Eu era adolescente e ainda lia a revista Capricho quando vi uma edição especial na banca, toda dedicada ao estilo francês de viver. É claro que não resisti, principalmente por ser uma admiradora da cultura e arte francesas.
Além dos assuntos ligados a moda, o que mais me chamou atenção foi o endereço de um clube de correspondentes internacionais, o nome é International Pen Friends, também conhecido pelas siglas IPF. Fiquei bastante curiosa com a possibilidade de estabelecer contato com pessoas ao redor do mundo e o que era mais fascinante em tudo isso: ainda não havia e-mail! Toda a troca de correspondência seria feita através de cartas, carimbadas no correio e com muitos selos.
Tudo aconteceu no ano de 1998 e as coisas estavam muito agitadas em torno da minha vida familiar e pessoal, por essa razão, recortei aquele endereço e o guardei para o dia que teria paz e tempo suficiente para tratar daquilo como um assunto sério. Afinal o valor mais importante que estava diante de mim naquela ocasião chamava-se família.
No ano seguinte escrevi uma carta para a representante do IPF no Brasil: Joina Moura. Fiquei extremamente surpresa com a rapidez da resposta e muito ansiosa para preencher o formulário com os países que eu mais desejava conhecer: países da costa africana, Portugal, Grécia, Egito, Austrália, Inglaterra, Alemanha e, França, é claro.
Na minha primeira lista não tinha nenhum correspondente do Egito ou da Grécia, o que de certa forma foi um decepcionante. Mas havia muitos contatos dos outros países, alguns deles se transformaram em amizades duradouras, como é o caso da amiga lisboeta Ana Isabel. Entretanto, a surpresa maior foi receber uma carta de Jerusalém. Eu não havia escolhido o estado de Israel, mas alguém de lá havia escolhido um contato no Brasil e o IPF acabou enviando meu endereço para esta pessoa.
O nome do meu pen pal é Stelios Odeh. Um cipriota , um pouco mais jovem do que eu e que morava nos arredores da cidade velha de Jerusalém. Meu novo correspondente trabalhava no hotel Glória e em poucos meses nos tornamos muito amigos. O que o diferenciava de todos os outros? A seriedade com que ele tratava a amizade entre as pessoas. Um dia, ele me enviou duas pedras, e disse que eram as “pedras da fortuna”, retiradas da área do Mar Morto. Segundo Stelios, enquanto dois amigos mantivessem suas pedras consigo, a amizade deles existiria para sempre, mesmo que fosse apenas na memória e no coração.
Continuo com as minhas pedras bem perto de mim. É a única maneira de lembrar deste amigo, que perdi o contato desde que a violência entre judeus e palestinos se intensificou em Israel. A última carta que recebi dele foi em junho de 2002, e dizia que a situação em Jerusalém estava insuportável com os constantes atentados e as sucessivas mortes de seus amigos e colegas de trabalho.

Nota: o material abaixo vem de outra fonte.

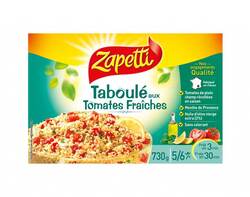 Taboulé aux Tomates Fraîches 730g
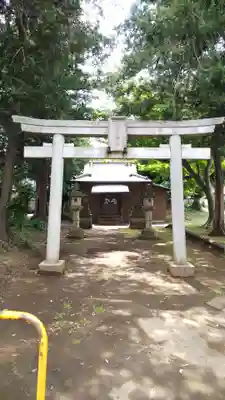 鹿島神社(千葉県)
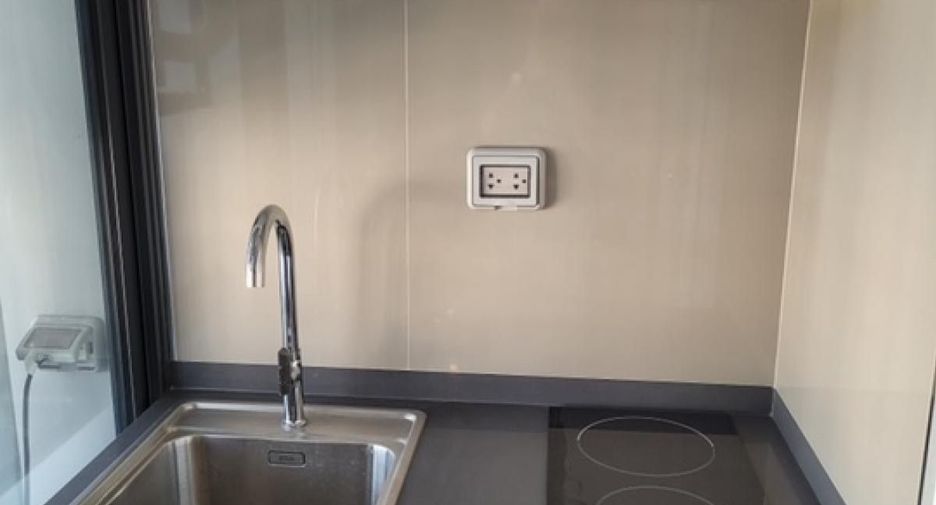 For rent 1 bed condo in Bang Kapi, Bangkok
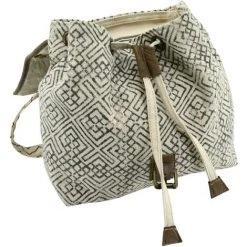 AUBRY GASPARD Sac à Dos En Coton Et Peau De Vache Globe Trotteur Multicolore - Multicolore 9 AUBRY GASPARD Sac à Dos En Coton Et Peau De Vache Globe Trotteur Multicolore - Multicolore -Petit rangement Soldes Magasin 19478988 4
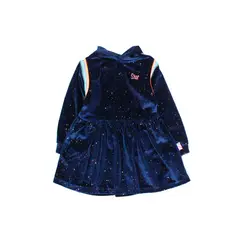 FICCUS - Vestido bb niña power 209
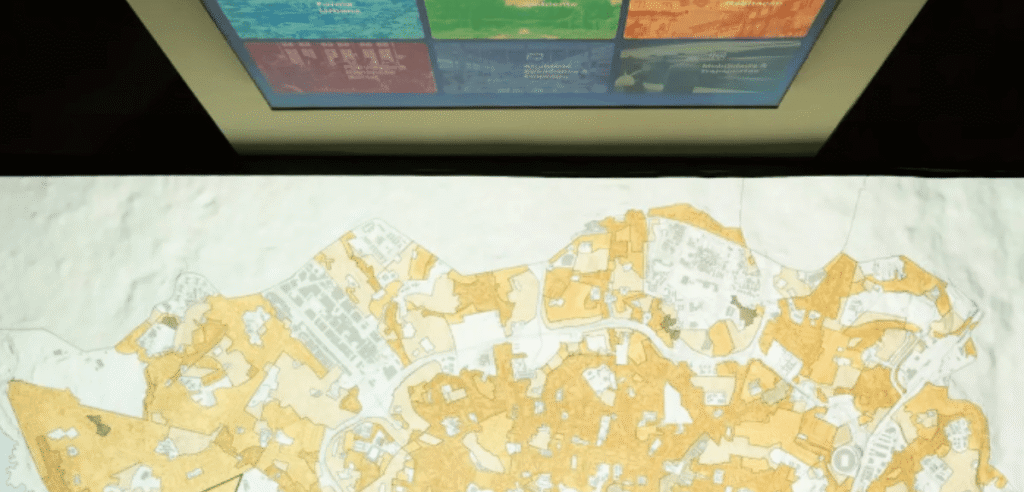 Nova Maquete Revela a Evolução do Porto ao Longo do Tempo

Quando li aquela carta, eu chorei. Sabia que meu amigo Stelios Odeh estava se despedindo de mim. Escrevi para ele em seguida, mas não obtive resposta por muitos anos. Dele sempre lembro, praticamente todas as vezes que toco nas nossas pedras dos amigos, mas lembrei dele de forma especial quando reencontrei uma antiga carta, a partir dela me veio a lembrança do valor da amizade.
Não precisamos deixar as pessoas sumirem de nossas vidas para dizermos o quanto elas são especiais. A amizade é um bem precioso e deve ser construída dentro de nós, de forma que ela possa se transformar numa riqueza, do tipo que faça sentido apenas para duas pessoas, uma riqueza mais valiosa que duas pedras frias retiradas de um mar que nem vida tem.